### Work request
A full, word-for-word copy of the listing below is needed; leave the images out of it.

### Information provided
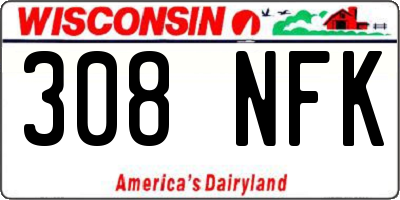 WI license plate 308NFK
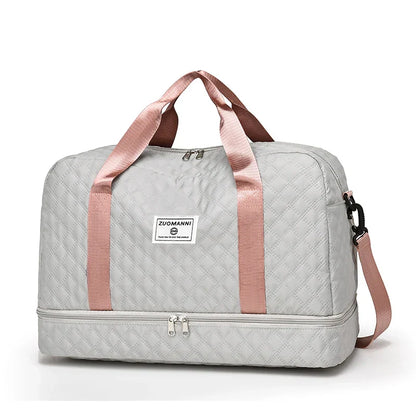 Portable Travel Duffel Bag with Separate Shoe Pocket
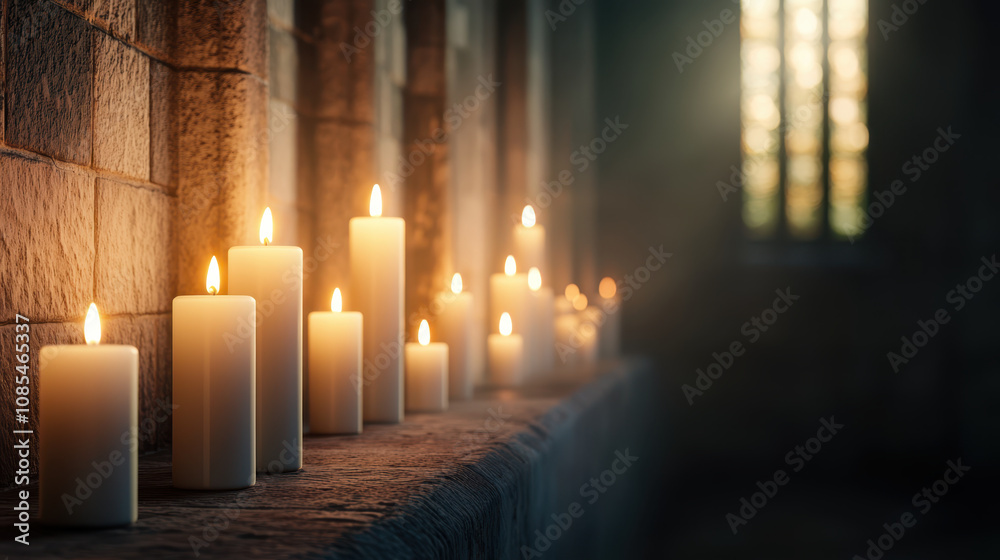 candle church new year light festive. Softly glowing candles illuminate serene church interior candle church new year light festive. Softly glowing candles illuminate serene church interior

### Response area
 WI license plate 308NFK
 Portable Travel Duffel Bag with Separate Shoe Pocket
 candle church new year light festive. Softly glowing candles illuminate serene church interior candle church new year light festive. Softly glowing candles illuminate serene church interior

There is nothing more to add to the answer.